SOURCE MATERIAL: Begin

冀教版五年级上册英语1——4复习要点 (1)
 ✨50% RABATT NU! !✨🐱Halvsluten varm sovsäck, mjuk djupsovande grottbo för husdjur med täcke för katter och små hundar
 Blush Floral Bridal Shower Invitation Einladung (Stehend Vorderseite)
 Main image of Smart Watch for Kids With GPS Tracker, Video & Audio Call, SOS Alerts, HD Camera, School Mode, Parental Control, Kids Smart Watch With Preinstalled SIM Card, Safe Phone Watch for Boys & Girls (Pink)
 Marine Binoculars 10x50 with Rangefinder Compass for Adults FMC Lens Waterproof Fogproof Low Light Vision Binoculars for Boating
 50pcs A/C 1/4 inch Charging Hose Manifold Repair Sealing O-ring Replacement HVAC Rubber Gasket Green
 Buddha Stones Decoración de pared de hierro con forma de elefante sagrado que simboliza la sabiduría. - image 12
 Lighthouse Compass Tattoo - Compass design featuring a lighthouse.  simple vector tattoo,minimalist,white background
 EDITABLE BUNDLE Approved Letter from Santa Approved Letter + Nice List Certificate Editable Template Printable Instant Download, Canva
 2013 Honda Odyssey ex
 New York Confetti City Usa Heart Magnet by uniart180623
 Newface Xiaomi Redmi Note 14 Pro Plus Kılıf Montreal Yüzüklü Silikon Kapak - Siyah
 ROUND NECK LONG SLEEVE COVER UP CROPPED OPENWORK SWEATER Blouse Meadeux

SOURCE MATERIAL: End

**WHAT YOU HAVE TO DO**
Would you return exactly the lines from the one containing "Newface Xiaomi Redmi" through the end of the listing, both included, and only them?

**ANSWER BOX**
 Newface Xiaomi Redmi Note 14 Pro Plus Kılıf Montreal Yüzüklü Silikon Kapak - Siyah
 ROUND NECK LONG SLEEVE COVER UP CROPPED OPENWORK SWEATER Blouse Meadeux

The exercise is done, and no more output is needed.